Kar, şehri buzdan bir bulut gibi içine çekerken, puslanmış penceresinin önünde, gerçekdışı görüntüler gibi izliyordu sokağı… Patlayan bombalardan kaçan insanları, çığlık çığlığa çocukları gördüğünde ikinci bölümün notaları belleğine düşmeye başlamıştı bile. İlk bölümde çocukluğundaki mutlu yaşam, halkın geleceğe duyduğu güveni notalara döktü. Gelecek, geçmişin güzelliğiyle kurulacaktı. Sokaktan geçen askerlerin buharlaşıp havada donan nefeslerini kemanlara, silahların şakırtılarını nefesli çalgılara, adım adım ölüme giden askerleri hüzünle seyredenlerin hissettiklerini flütün ve klarnetlerin yüreğe işleyen sesine notalamaya başlayan Şostakoviç aynı zamanda büyük bir hayal de kurmaktaydı: Dramatik olayların içinden damıttığı ve adım adım yazdığı senfoni bütün şehirde yankılansa, halkın direnişine katkıda bulunabilir mi? O kış eserini yazdı. "Leningrad Senfonisi" adını verdiği ama sonradan 7. Senfoni olarak anılacak olan eser, coşkulu, umut dolu ve giderek yükselen, dinleyenleri heyecanlandıran melodiler dizisiyle bittiğinde, Petersburg çatılarına mart ayının solgun güneşi de vurmaya başlamıştı. Eser bitmişti ama kent de adım adım tükenişe doğru ilerlemekteydi. Eser, kendisinin ve ailesinin gönderildiği Samarra'da ve Moskova'da seslendirildi. Ancak Şostakoviç'in hayali başkaydı; o Petersburg halkının direniş ruhuna seslenmek istiyordu. Ancak kentte faaliyette olan Leningrad Radyo Senfoni Orkestrası'nın birçok elemanı ya savaşta ya da açlıktan ölmüş, kimi üyeleri de şehri terk etmişti. Geriye on beş elemanı kalmıştı orkestranın. Onları toparladı Şostakoviç, amatör müzisyenleri de göreve çağırdı. Orkestrada mutlaka olması gereken birkaç elemanı da cepheden özel izinle getirttiler. Orkestra şefi de hastanede yatmaktaydı, tedavisine ara verip göreve koştu. Orkestra çalışmaya başlamıştı ama büyük bir sorun vardı: Müzisyenler provalarda açlıktan bayılmaktaydılar. Hatta üç müzisyen provalar sırasında açlıktan öldü. Kalanların üstü başı perişandı; onların da ailelerinden insanlar ya cephede ya açlıktan ölmekte, bütün bunlar Şostakoviç'in hayalini imkânsız kılmaktaydı. Ama faşizme karşı yurdunu savunma azmi, senfoninin notalarından müzisyenlerin ruhuna işlemişti bir kere; vazgeçmeyeceklerdi.

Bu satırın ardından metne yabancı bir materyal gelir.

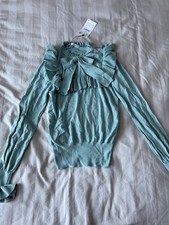 Zara blue knit top with ruffle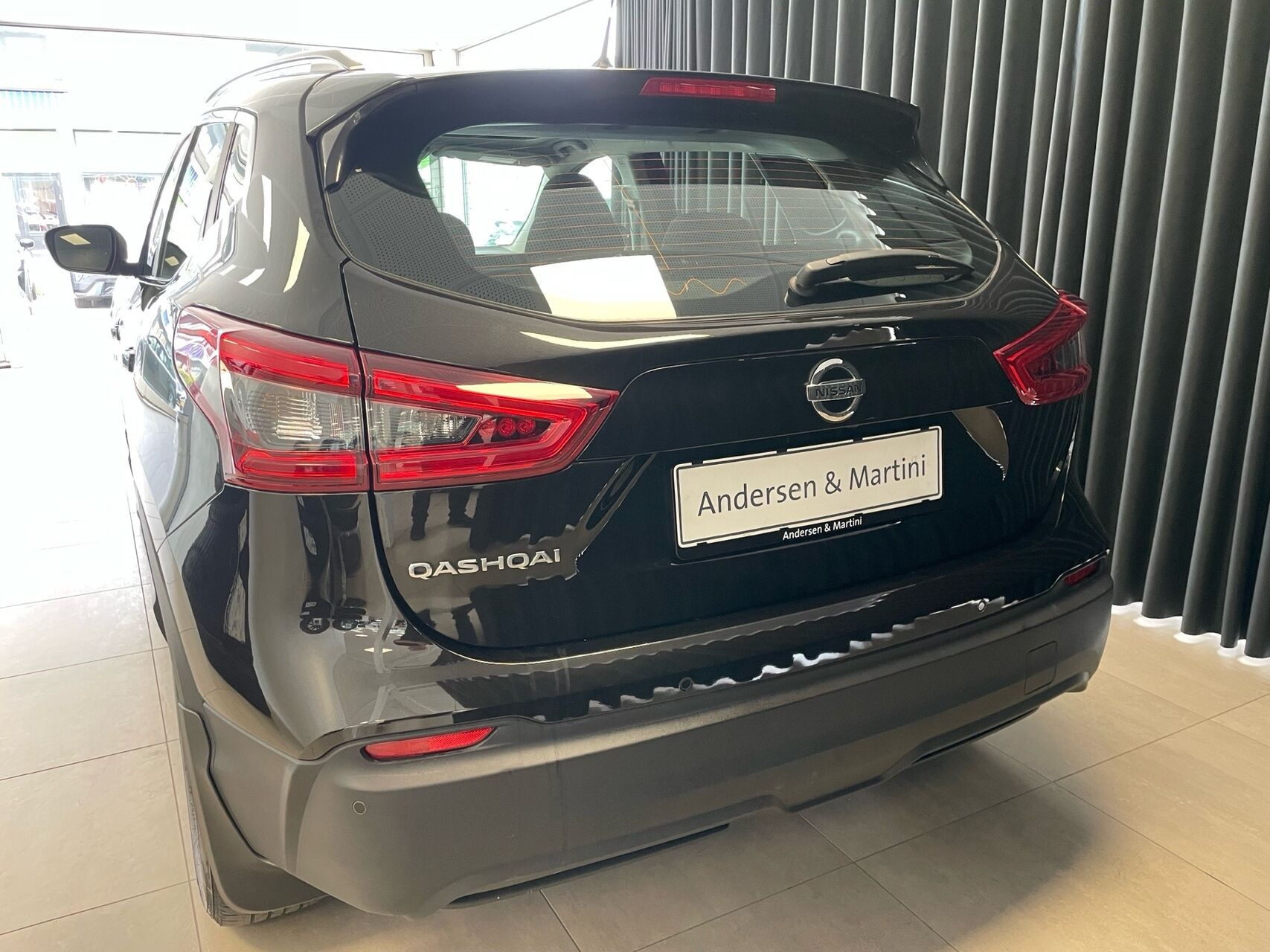 Sort Nissan Qashqai fra 2019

Provalar sürerken, Hitler de bir türlü ele geçiremediği Petersburg için iyiden iyiye hırslanmıştı. Berlin'de, savaş karargâhında bir plan yapıldı: Son darbe 9 Ağustos 1942'de vurulacak ve o gün şehir ele geçirilecekti! Şostakoviç de hayalini o gün gerçekleştirmek istiyordu. Orkestranın şefi Karl Eliasberg de eserin seslendirmesini o güne yetiştirmeye söz vermişti. Hemen hazırlıklara başlandı; şehrin bütün meydanlarına, caddelerine ve cephe hattına hoparlör düzeni kuruldu. 9 Ağustos sabahı orkestra yerini aldı. Sovyet ordusu, orkestranın sesinin kesilmemesi için bir anda yoğun bir bombardımana başlayarak Alman cephesini susturdu. Önce, orkestra şefinin ses kaydı yayınlandı hoparlörlerden:

"Yoldaşlar! Şehrimizin kültüründe yer alacak büyük bir olay gerçekleşmek üzeredir. Birkaç dakika içinde, harikulade vatandaşımız Dmitri Şostakoviç'in Yedinci Senfoni'sini duyacaksınız. Kendisi bu müthiş besteyi düşman Leningrad'a delicesine saldırdığı esnada yapmıştır. Faşist domuzların bütün Avrupa'yı bombaladığı ve Avrupa'nın da Leningrad'ın sonunun geldiğini düşündüğü esnada. Ama bu performans ruhumuzun, cesaretimizin ve savaşa hazır olduğumuzun şahididir. Dinleyiniz yoldaşlar!"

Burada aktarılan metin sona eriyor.